Se fosse de outro a iniciativa, os donos da mídia teriam armado um berreiro. Segundo a colunista Mônica Bérgamo, da Folha de S. Paulo, o ministro do STF Gilmar Mendes, presidente do TSE, está propondo uma espécie de regulação da mídia – embora não use esta expressão – com vistas às eleições do ano que vem. Não se leu e não se ouviu, porém, nenhum protesto contra a proposta, nenhuma referência a uma suposta “tentativa de censura”, como sempre acontece quando se fala em regulação da mídia, nos moldes praticadas por outras democracias ocidentais.
A nota de Mônica, publicada nesta segunda-feira, 6, diz que Gilmar vai convocar uma audiência pública para discutir “a influência das mídias (rádio e TV) no processo eleitoral” e a eventual necessidade de “um órgão estatal de controle das programações”.
O que vem a ser um “um órgão estatal de controle das programações”? Em outras palavras, trata-se de uma agência reguladora de mídia, a exemplo da ERP em Portugal e de similares existentes em vários países do mundo. Os governos do PT ensaiaram propostas de regulação mas recuaram diante da gritaria de que se pretendia impor a censura aos meios de comunicação. Dilma Rousseff recebeu um projeto elaborado pelo ex-ministro-chefe da SECOM de Lula, Franklin Martins, e o engavetou. Na campanha de 2014 ela admitiu uma regulação econômica (que também é necessária, para reduzir a concentração e a propriedade cruzada de meios) mas não chegou a fazer nada neste sentido em 2015, antes de ser deposta em 2016, num processo em que a mídia teve papel determinante.
A idéia de Gilmar, relata a colunista da Folha, teria nascido depois que ele visitou o conselho de comunicação social da França, que fiscaliza os órgãos concessionários de mídia. “Nas eleições, as aparições de todos os candidatos, por exemplo, são cronometradas. Quando há desequilíbrio, os veículos são notificados para correção”, diz a nota. Mas não apenas nas eleições atua a agência reguladora francesa, bem como suas similares. Os veículos são notificados, e eventualmente são obrigados a se corrigir, sempre que exorbitam de sua missão de informar com imparcialidade, equilíbrio, observância da pluralidade e do direito ao contraditório e ao direito de resposta, regras frequentemente ignoradas no Brasil pelos concessionários de radiodifusão.

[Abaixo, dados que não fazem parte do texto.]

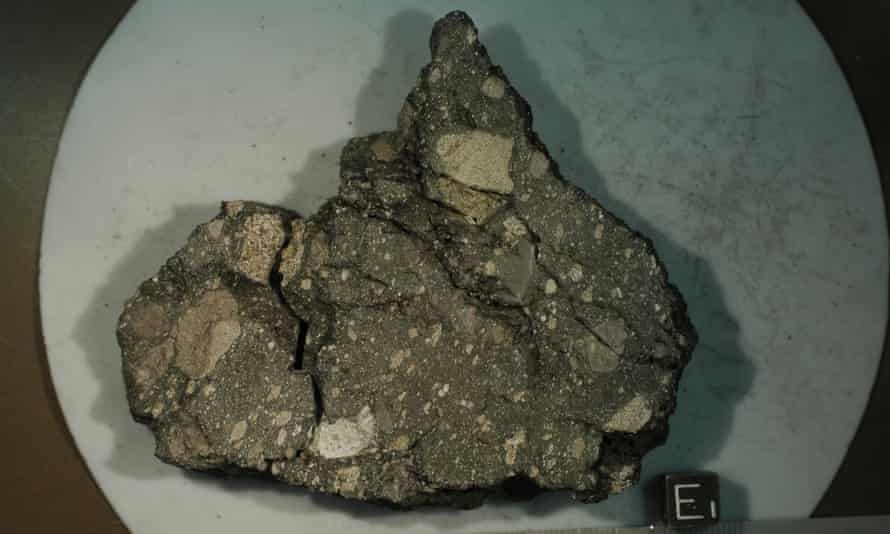 The lunar rock sample from the Apollo 15 mission. The rock consists of basalt fragments welded together by a dark glassy matrix produced by melting caused by a meteorite impact.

“Entre os tópicos elencados pelo TSE para discussão estão “a autorregulação realizada pelos concessionários (de rádio e TV)” e a “neutralidade da imprensa no processo eleitoral: ficção ou realidade?”. Teriam sido ou serão convidados para a audiência pública um jurista francês, representantes da sociedade civil e de empresas de radiodifusão. A boa interrogação é sobre quem seriam os representantes da sociedade civil convidados por Gilmar. Para um debate de verdade, ele teria que convidar estudiosos do tema e os movimentos que defendem a regulação e a democratização dos meios de comunicação. Movimentos como Intervozes, Fórum Nacional para a Democratização das Comunicações (FNDC) e similares.
Diz ainda a nota de Mônica que para o presidente do TSE, o tema é “bastante caro à democracia e à liberdade de sufrágio”, podendo o tribunal elaborar relatórios para subsidiar eventuais alterações na legislação eleitoral”.

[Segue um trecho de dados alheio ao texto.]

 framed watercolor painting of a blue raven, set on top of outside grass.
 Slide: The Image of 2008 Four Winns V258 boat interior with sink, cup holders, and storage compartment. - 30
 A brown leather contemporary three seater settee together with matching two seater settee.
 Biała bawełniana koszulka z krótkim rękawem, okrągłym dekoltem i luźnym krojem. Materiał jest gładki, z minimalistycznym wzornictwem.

De fato, o pluralismo e o equilíbrio dos meios eletrônicos e da mídia em geral constituem um elemento importante da democracia e da garantia da liberdade de sufrágio, do respeito ao direito de escolha do eleitor, livre de induções, manipulações, distorções da informação, manipulação de pesquisas, discriminação de candidatos na cobertura e outros vícios que conhecemos muito bem. Mas a democracia não começa nem termina com as eleições, de modo que a regulação conjuntural desejada por Gilmar deve ser permanente, com base em legislação específica e exercida por um órgão regulador independente, embora ligado ao Estado.

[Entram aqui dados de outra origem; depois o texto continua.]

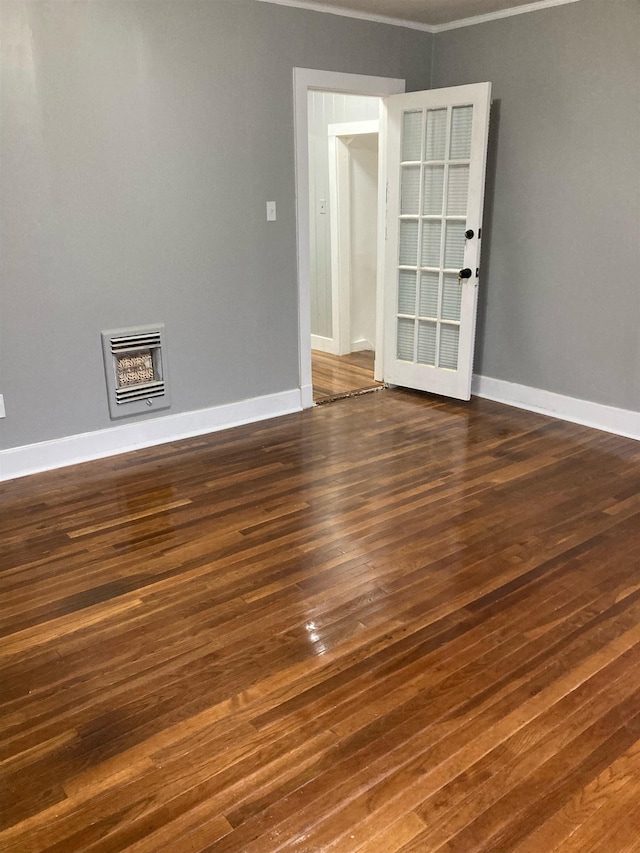 unfurnished room featuring dark hardwood / wood-style floors and ornamental molding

Mas mesmo propondo uma regulação conjuntural, Gilmar contribui, com sua iniciativa, para desmitificar um assunto tratado como bicho de sete cabeças embora represente apenas um aprimoramento da democracia, que tem na liberdade de imprensa um de seus pilares, desde que ela não ultrapasse ou violente outros direitos e garantias democráticas. Em se tratando de concessões públicas (rádio e TV) a necessidade de observância do equilíbrio, do apartidarismo e da imparcialidade é ainda maior, pois trata-se da exploração de um bem público concedido à iniciativa privada, que não pode ser utilizado a serviço de interesses privados e contra o direito do público à informação de qualidade.
O paradoxo no Brasil é simples e é o seguinte: a exploração privada de energia é regulada pela Aneel. A das telecomunicações, pela Anatel. A do petróleo pela ANP. E assim por diante. O único serviço concedido à exploração privada que não é regulado por ninguém é a radiodifusão.